Ineffective use of VBO?

Started by
33 comments, last by maxest 14 years, 1 month ago
I'm having cross renderer (D3D9 and OGL). To my surpries I founded that D3D9 works approximately 25-40% faster than OGL. So I started digging. I know it's not pixel-processing problem, it's vertex. Right now I render about 120, each around 20k faces. With small viewport set (to eliminate pixel-processing influence) I get around 30 fps for OGL, and 40 fps for D3D9. After many tests I really don't know what's goind on. One interesting thing is that for OGL I tested to approaches in specifying data. One approach is to have an array of vertices lined up (with structure describing vertex, just like in D3D9). The other approach is to have first specified all vertices positions, then normals, then other data (I guess it's not possible to arrange data in that way in D3D9). And when I tried this second approach the fps grew to around 32. So the arrangement of data matters and I'm wondering if DX is doing something "magical" to gain better performance when sending vertex data? My init code for vertex buffer (for index buffer it's similar):

			CRenderer::D3DDevice->CreateVertexBuffer(size, D3DUSAGE_WRITEONLY, 0, D3DPOOL_MANAGED, &id, NULL);
		}
		#else
		{
			glGenBuffers(1, &id);
			glBindBuffer(GL_ARRAY_BUFFER, id);
			glBufferData(GL_ARRAY_BUFFER, size, NULL, GL_STATIC_DRAW);
Code for mapping:

			id->Lock(0, 0, (void**)&data, 0);
		}
		#else
		{
			glBindBuffer(GL_ARRAY_BUFFER, id);
			data = glMapBuffer(GL_ARRAY_BUFFER, GL_WRITE_ONLY);
I guess the configuration of buffer is the same for both D3D9 and OGL. Or maybe I'm missing something?
Advertisement
"GL_STATIC_DRAW" - try replacing it with GL_STREAM_DRAW or GL_DYNAMIC_DRAW. You could also try using glBufferData() instead of glMapBuffer, the driver might be more optimized for that.
Interleaved vtx data is generally faster. Do mind the DWORD-alignment of attribs, too. (don't have a 3-byte attrib, instead go for 4-byte)

Streaming is by far most efficient when two copies of the data can fit in L1 cache of the cpu. 20k verts * 32byte/vert can't fit.
First of all note that I'm only talking about static buffers and GL_STREAM_DRAW/GL_DYNAMIC_DRAW causes drop of fps from 30 to 19.
Aligning vertex structure to 32/64 bytes or having 4-byte attribs doesn't help either (I'm working on GF8400 if that matters).
One interesting thing is that some time ago I was testing the speed of updating animated geometry data. And in that case OGL was faster a bit than D3D. But when it comes to simple static data, D3D is definitely much faster. And I really can't understand this big difference (40 to 30), OGL must put the data in some really not nice way
You didn't mention if the data should be static, and instead posted how you map it (which is used mostly for streaming).

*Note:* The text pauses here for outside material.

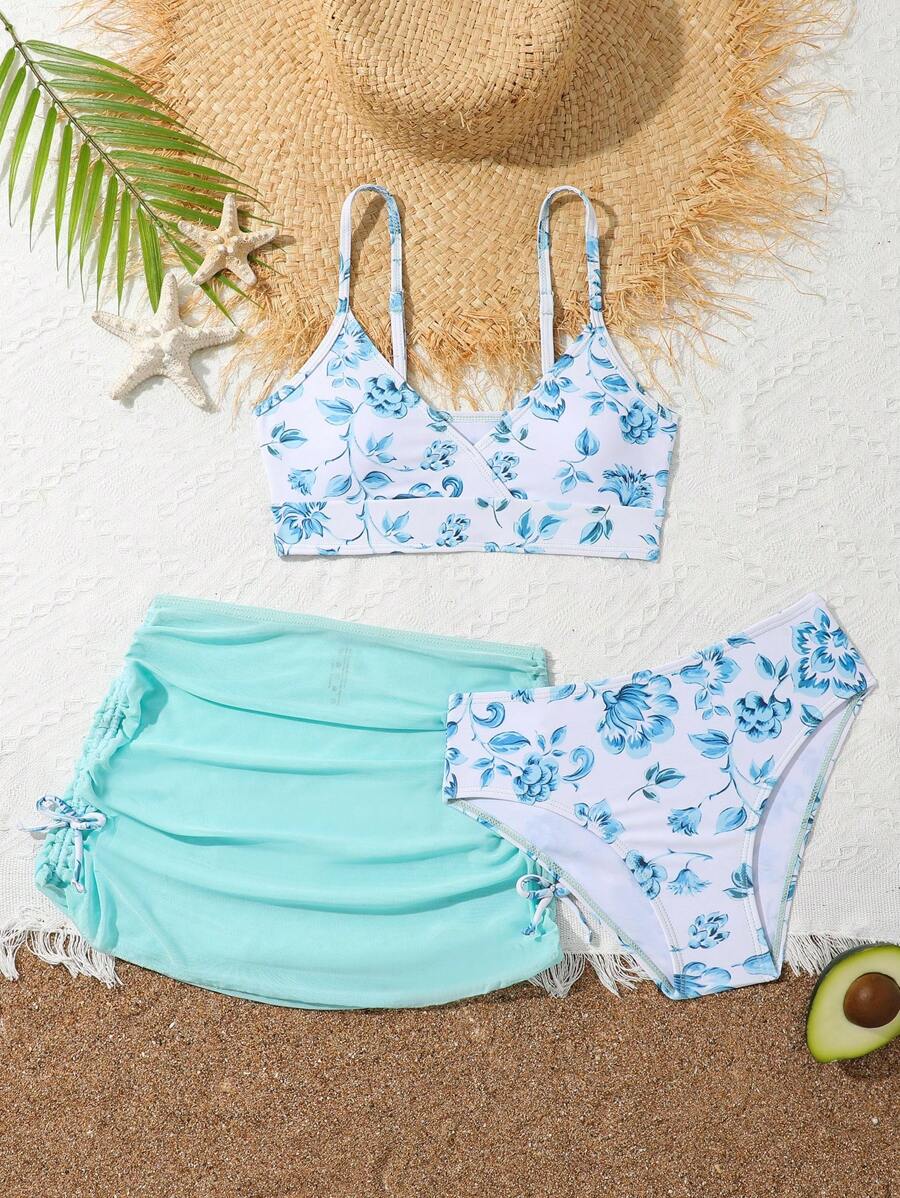 SHEIN Conjunto de bikini separado de 3 piezas para niña preadolescente, estampado aleatorio para playa de verano - Verde - Ver 1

Just measure the calls with RDTSC
Quote:Original post by maxest
Right now I render about 120, each around 20k faces.
By my reckoning that makes 2.5 million tris. Any reason you can't cull these further? 2.5 million tris will bring most cards into the low double-digits.

Vertex layout is unlikely to be the culprit here, so I would guess that you haven't matched the vertex processing between D3D and OpenGL. Are you using a vertex shader, or the fixed function OpenGL vertex pipe? And what operations is it performing (i.e. lighting, fog, etc.)?

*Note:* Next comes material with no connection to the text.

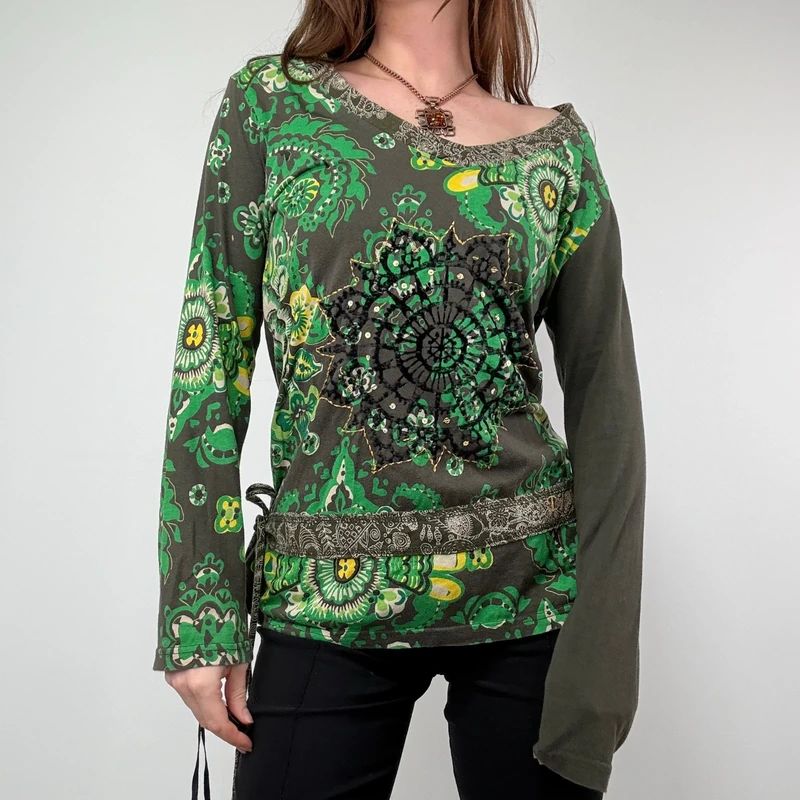 Khaki Paisley Boho Long Sleeve T-Shirt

Another high probability is drivers - D3D drivers are often more mature. Make sure you have installed the very latest drivers for your card, and benchmark again.

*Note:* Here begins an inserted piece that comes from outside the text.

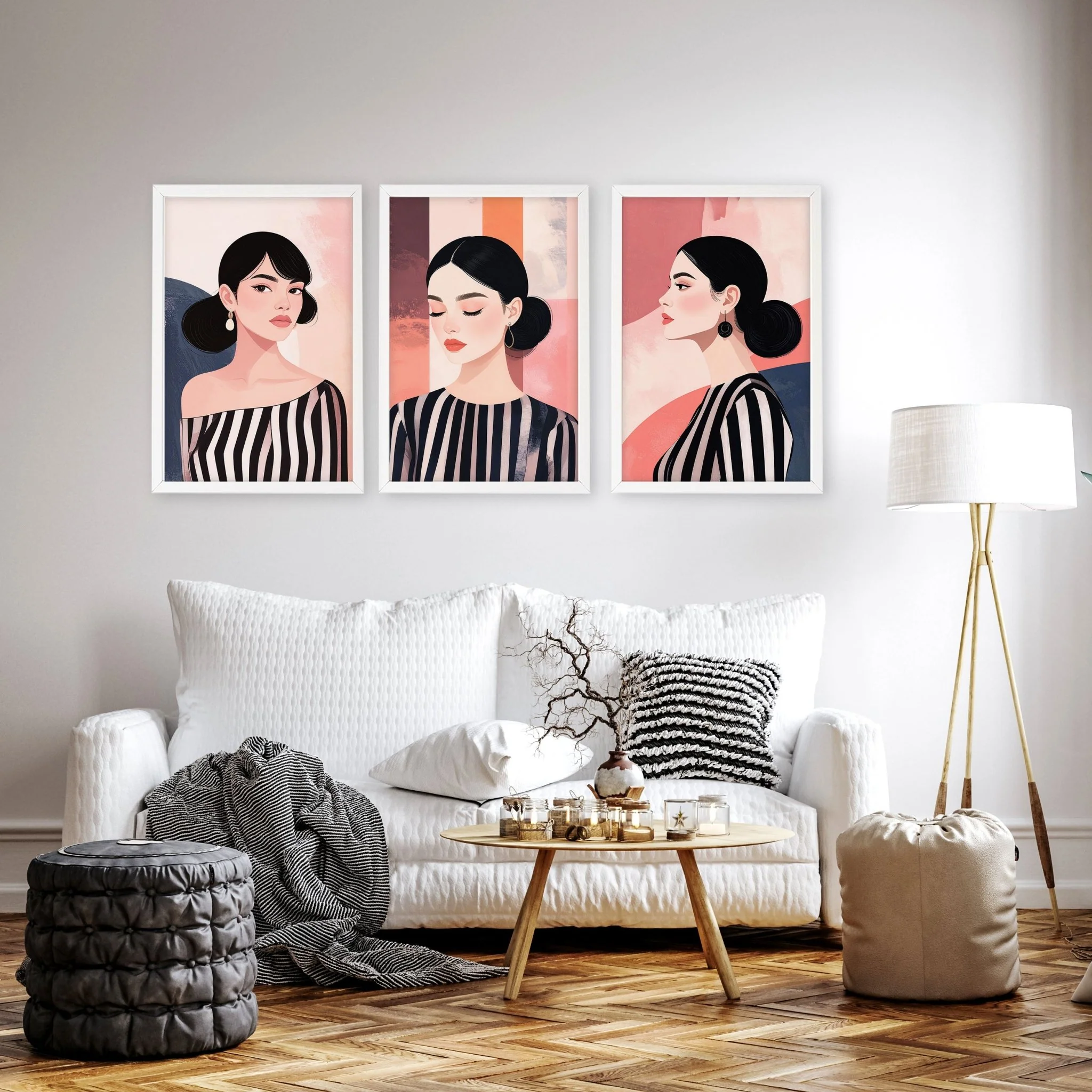 Frames Living Room | Set of 3 Boho Women Wall art Prints - Image 7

Quote:Original post by idinev
Just measure the calls with RDTSC
How will that help? The API is asynchronous, so individual call times are completely meaningless - operations may be deferred substantially where the driver considers it beneficial.

Tristam MacDonald. Ex-BigTech Software Engineer. Future farmer. [https://trist.am]

Quote:
You didn't mention if the data should be static, and instead posted how you map it (which is used mostly for streaming).

You're right. I should have marked I mean static buffers. I use map/unmap (instead of BufferSubData) to keep coherency with my D3D9 renderer.

Quote:
Vertex layout is unlikely to be the culprit here

Note that when I use array of vertices lined up just like in D3D, the performance is a bit worse than in situations when I first specify positions, then normals and the other data in video memory (the latter I do with glBufferSubData, and the former with glMap/glUnmap) so vertex layout has some meaning, even if very subtle.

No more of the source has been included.